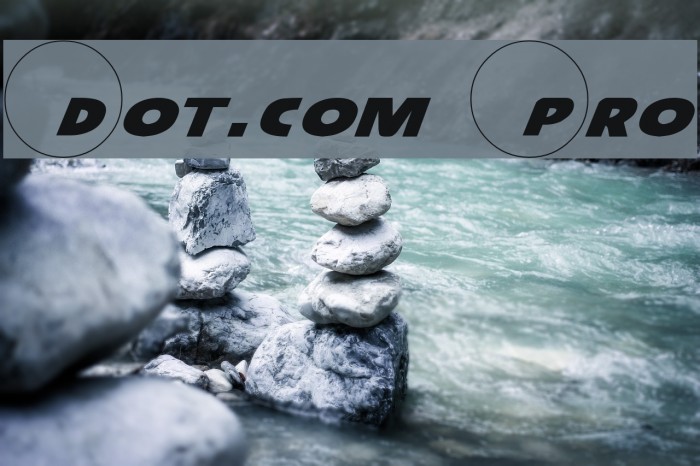 Dot.com Pro Fonte examples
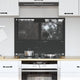 Vidaxl keuken spatscherm donkergrijs 80 x 60 cm gehard glas
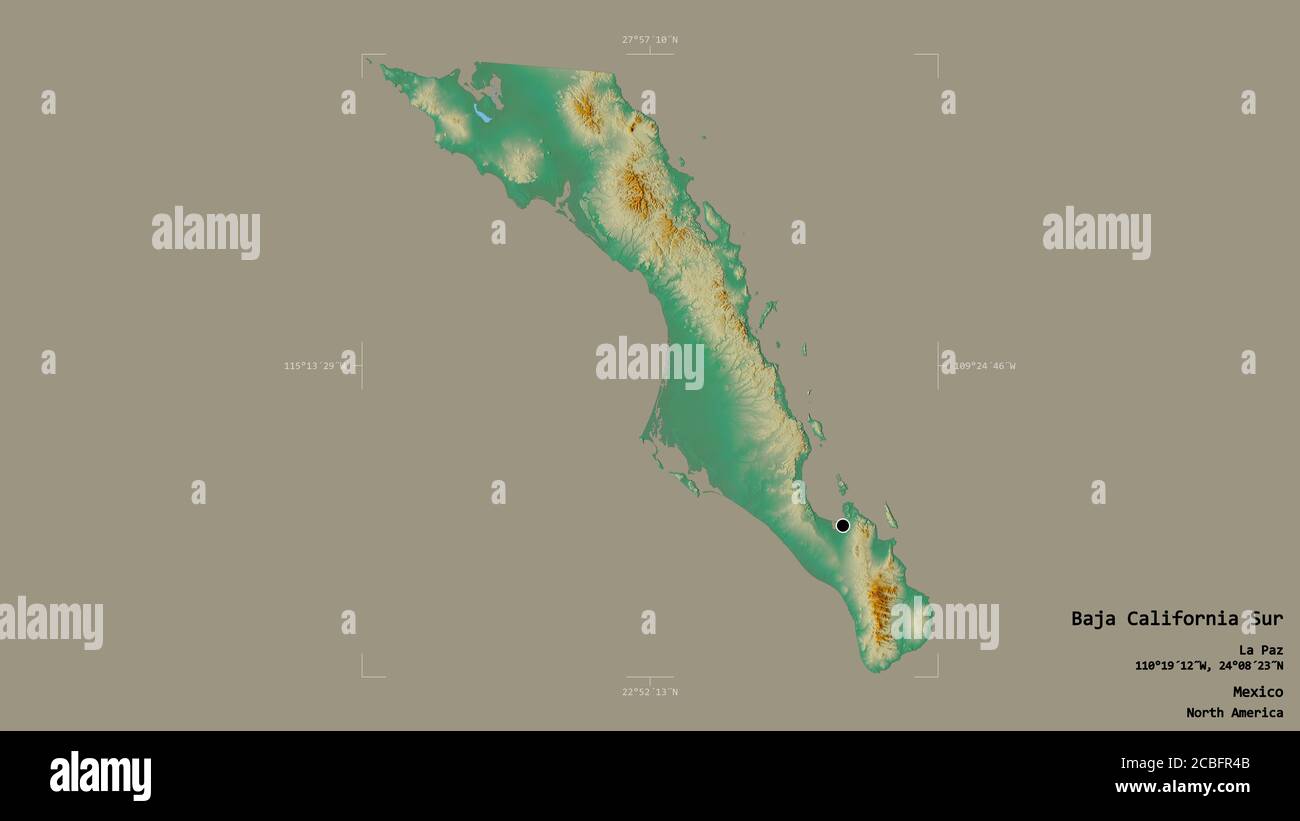 Map Of Baja California Sur
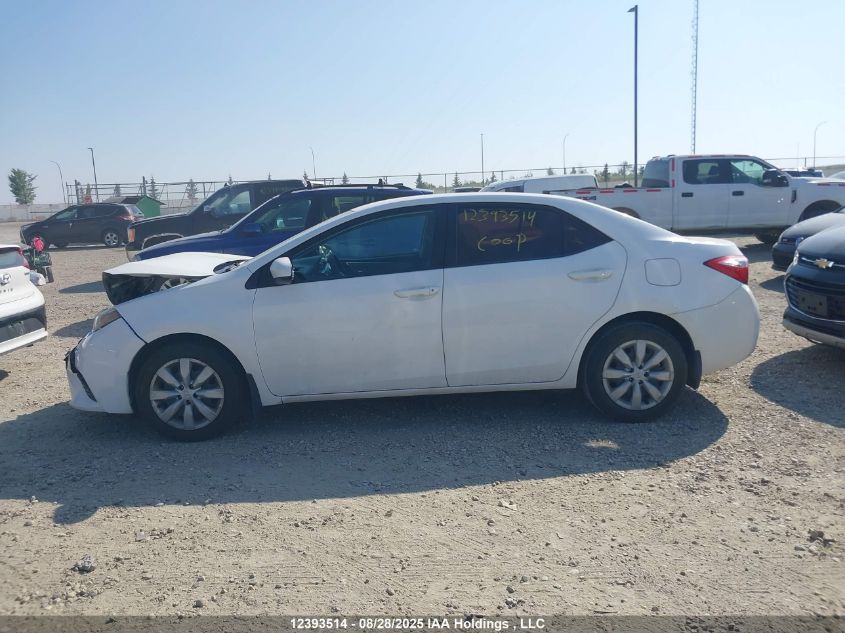 2015 Toyota Corolla Le VIN: 2T1BURHE2FC299507 Lot: 12393514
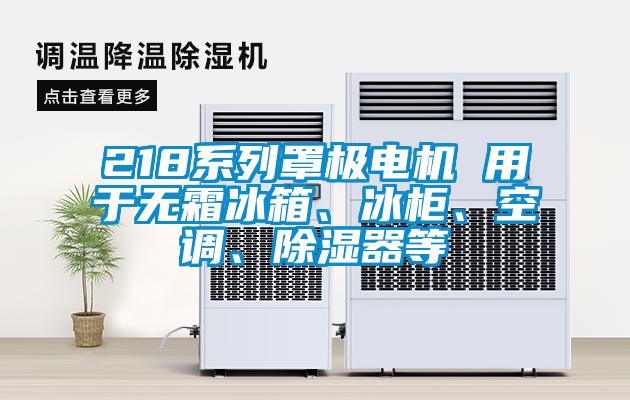 218系列罩極電機 用于無霜冰箱、冰柜、空調、除濕器等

• _What to do_: Starting at the line that holds "Map Of Baja California Sur", write out every remaining line of the material above exactly as it appears. Pictures should not be copied.

• _Task output_:
 Map Of Baja California Sur
 2015 Toyota Corolla Le VIN: 2T1BURHE2FC299507 Lot: 12393514
 218系列罩極電機 用于無霜冰箱、冰柜、空調、除濕器等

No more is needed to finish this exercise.